Is it time to get on TikTok?

It was the most downloaded iOS app of 2018, and it’s growing rapidly as more and more people get hooked on its winning formula of music and shortform video. CR investigates whether brands should get ready to jump on the TikTok bandwagon

If keeping on top of Twitter, Instagram, Facebook and Snapchat wasn’t already keeping social media managers up at night, there’s a new player in town. TikTok lets users watch and create 15-second videos set to music, and take part in ‘challenges’ – which ask users to do anything from rolling across the floor pretending to be tumbleweed, or dancing along to a song. There’s also all the digital glitter that got everyone hooked on Snapchat and Instagram, with TikTok users able to send each other coins and diamonds, as well as add stickers and special effects to their films. Its popularity is reminiscent of now-defunct platform Vine, which similarly revolved around shortform videos made by amateurs, often with a comedic bent.

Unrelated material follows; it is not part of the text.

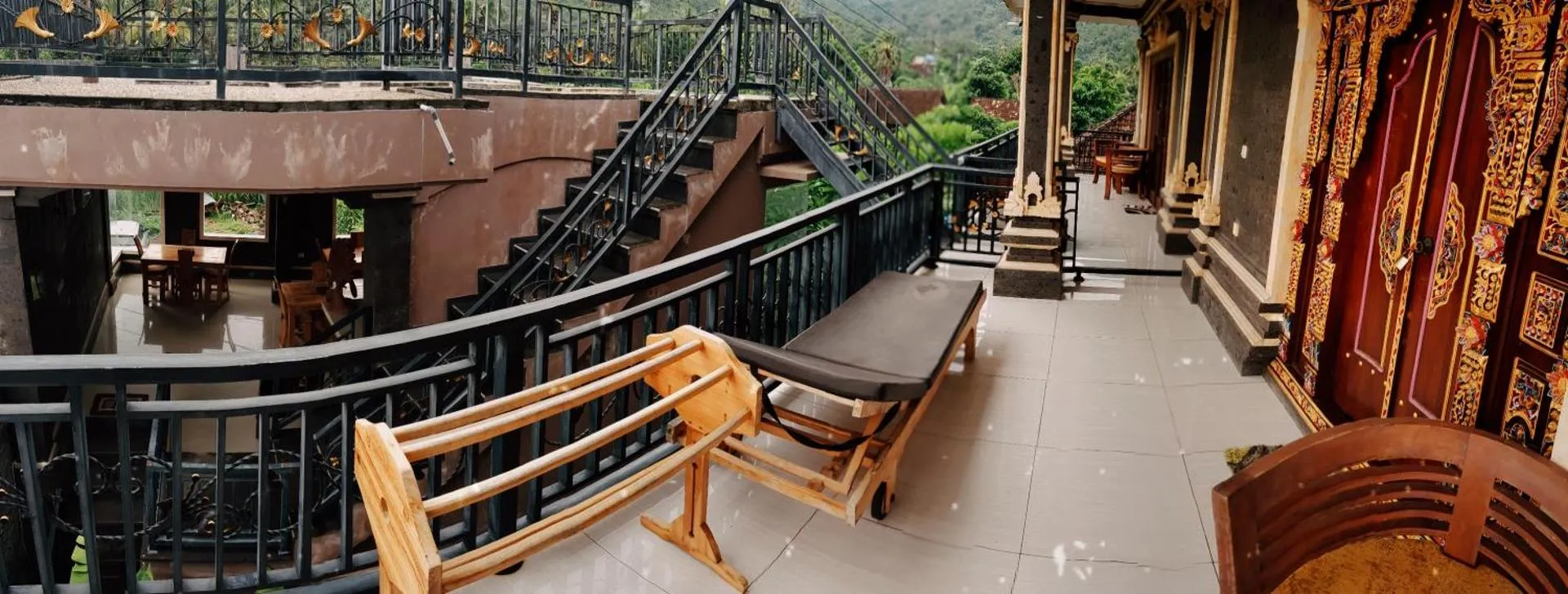 Amed Romance House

“Impressive editing is paired with the childlike acting and lip-synching the app and its challenges call for,” writes The Verge’s Julia Alexander. “It’s gleeful and adorable. It doesn’t matter if aspects of any given performance are cringe-inducing. TikTok isn’t about perfection; it’s about belonging to a movement, and to multiple communities that just want to express themselves through dancing, singing, acting, and collaboration. These little aspects of TikTok’s culture make it feel more authentic than heavily edited YouTube videos, or Instagram clips that we all scroll by after a couple of seconds.”

If that doesn’t grab you, you obviously didn’t contribute to the 1 billion times the app was downloaded on Google Play and the App Store in February this year. In December alone it added an extra 75 million users, finishing 2018 as the most downloaded iOS app of the year. And while brands might be salivating at such a wealth of eyeballs – many of them belonging to Gen Z – a key part of the platform’s appeal is that it hasn’t, yet, been overrun by advertising.